When some big company figures out that college textbooks are going to be the first big market for ebooks, I'm going to invest in them.
There are 0x40000000 types of people: those who understand 32-bit IEEE 754 floating point, and those who don't.
Where do you get the idea that it is "almost entirely proprietary"? If you look at the technical details section, it says it supports "TXT, Audible (formats 2, 3 and 4), MP3, natively; HTML, DOC, JPEG, GIF, PNG, BMP, MOBI, PRC through conversion".
The Kindle may fail but not for the reasons you speak about.
"Profit on hardware, profit on software, even profit on content the user already owns."
Sounds a lot like the iPod and iTunes which of course were total failures...
This is about providing content people want in a very convenient fashion with a nice interface...just like the iPod and iTunes. Amazon is going one better though by offering books for significantly less than what you'd pay for their paper-based brethren.
As for the lack of PDF support...this is a non-issue since you can get free software that will convert PDF to mobi (which kindle does support). I also think the need for PDF support is way overplayed.
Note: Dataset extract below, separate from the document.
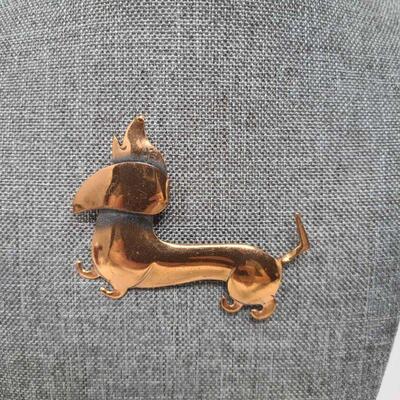 Copper Daschund Dog Brooch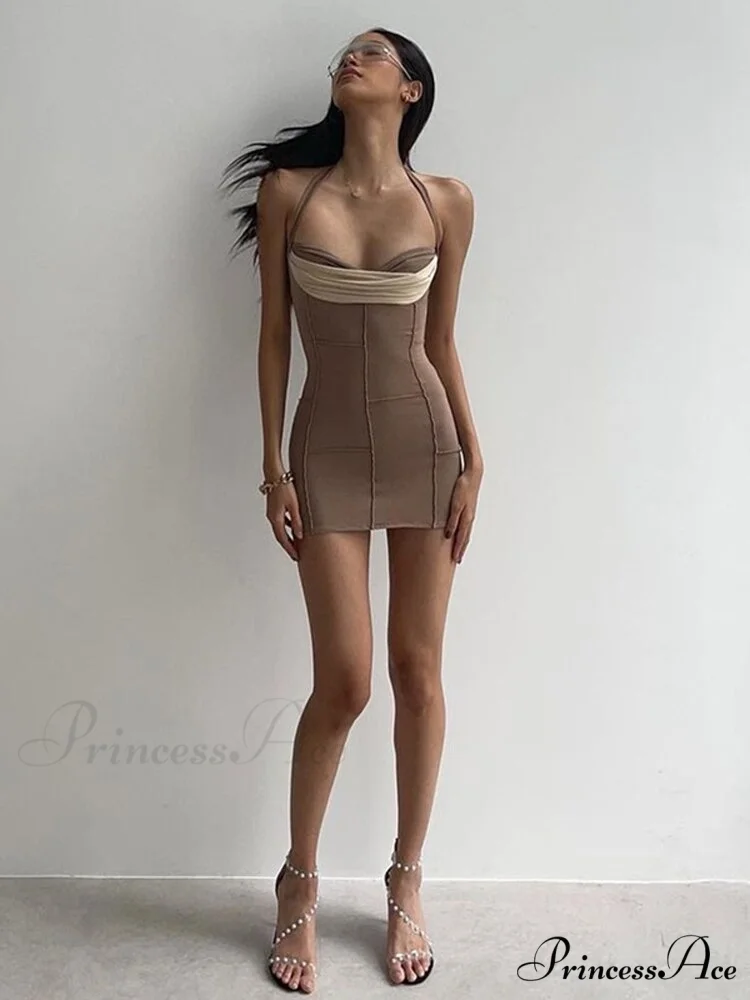 Hollow Out Chest Wrapping V Neck Mini Dress - Image 5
If I bought it, it would be to read books -- not to read random white papers I downloaded from the web.
Kindle may fail but it will fail because people simply can't make the leap from paper to digital when it comes to books. There's something about holding a book in your hands that can't be beat, imho. That said, having a dictionary at the ready as well as wikipedia look-ups is very nice. When I read I usually keep a dicitionary nearby but it has to be a fat one with a huge number of entries to be worth a damn and I don't like keeping a fat book on my bed like that. The Kindle is cool but paper may still be cooler.
Are agnostics skeptical of unicorns too?
Nokia N810 The iPhone putatively requires carrier contract, has lower resolution, and isn't a full blown browser, but the N810 is. Plus the N810 is Linux and open. Whether it is Project Gutenberg, Google Books, or whatever, the N810 is perfectly positioned as a book reader and oh-by-they-way a fully functioning computer as well. No affiliation with Nokia, just been following the latest in this area.
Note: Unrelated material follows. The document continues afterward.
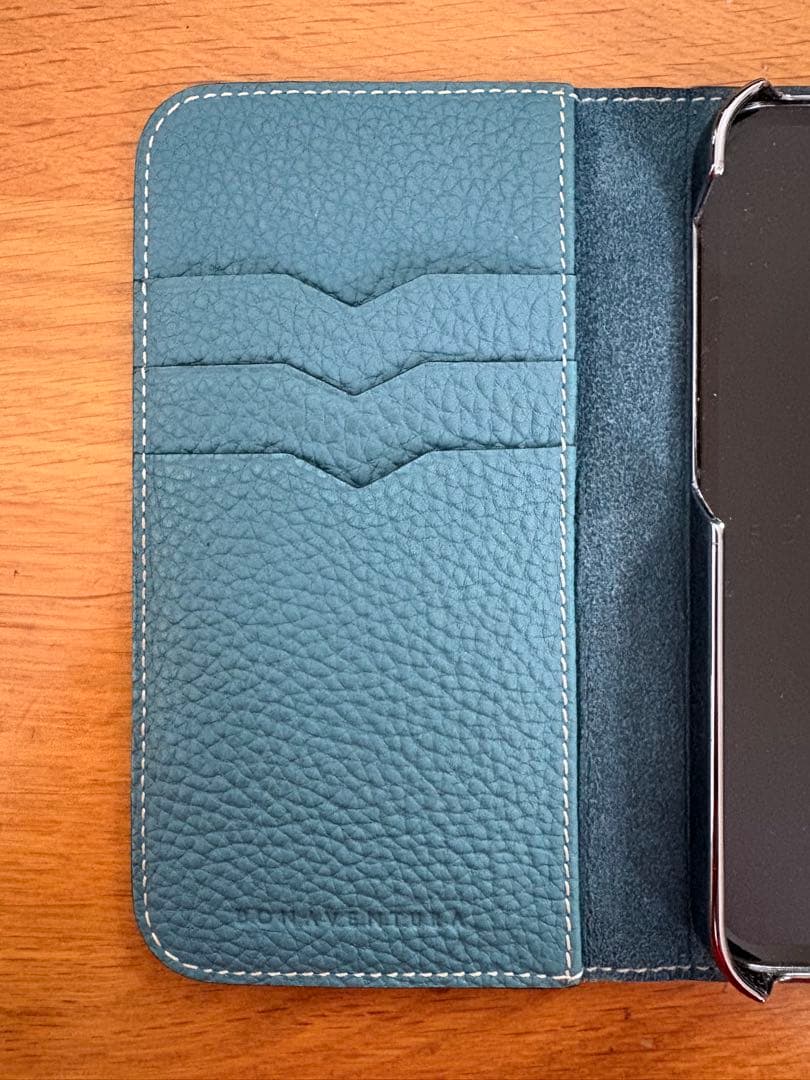 Bonaventura 手帳型iPhone12mini ブルーシアン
Come on, the iPhone & Google Books competing with an e-Book reader? I own an iPhone and love it, but it's the proposed situation is only possible if you overlook:
- A 3 inch screen that involves constant movement to see more than one paragraph at "text book" level font sizes
- A slow EDGE connection (at least an e-Book can cache the entire thing easily).
- Lousy bookmark system.
- Poor back & forth or history functionality.
The iPhone MAY one day compete with these other technologies, but to insist right now that it's everything and a bag of chips is just plain naive.
You think if Apple and Google decided to make this available as a feature with GBS that the publishers wouldn't be screaming blue murder (and, in my opinion, rightly so)?
Agreed. The iPhone is a great phone (and general information-finding device), but peering at it for long periods of time on that tiny screen? No good, not for book-reading. This isn't to say that an iPhone-like solution might not be a really amazing reader... but the iPhone and the Kindle are trying to solve very different problems.
And as much as 'all-in-one' devices can be nice, sometimes you just make 'all' features suffer by cramming them into 'one' device. I think this is one of those cases; an eBook reader is meant to replace a book, which means it has different requirements (in terms of readability, power-use and form-factor). Trying to cram the functionality into other devices means the functionality suffers.
--Rachel
it automatically loads whatever you want from the world's libraries for free
The year this happens, is the year that writing fiction stops. Think about it. If a rock star loses the revenue he gets from CDs/mp3s to illegal downloading, he at least has revenue from radio stations and concerts.
Unless you pay to read a book, the writer stands NO chance of being paid. Period. If books are free, writers make no money and writers stop writing. No more new books
The company that implements the following plan wins:
Charge $3 per book.
~$1 goes to the writer
~$1 goes to the publisher
~$1 goes to the download provider
Your book MUST be DRM protected, but it should be printable, and work on any possible eBook reader.
Since it's cheaper, I, as a consumer win, and the writer/publisher make out because they're paid even though they don't have to produce any physical books. My $0.02.
Just as counter-point, for years I read books, including most of the Baen library, on a HP iPaq PDA in true uber-geek fashion. I think I had maybe a hundred titles on a device I could slip into a jacket pocket. The screen, while not great, was eminently readable due to the backlighting, high contrast, and Microsoft Reader's sub-pixel LCD addressing.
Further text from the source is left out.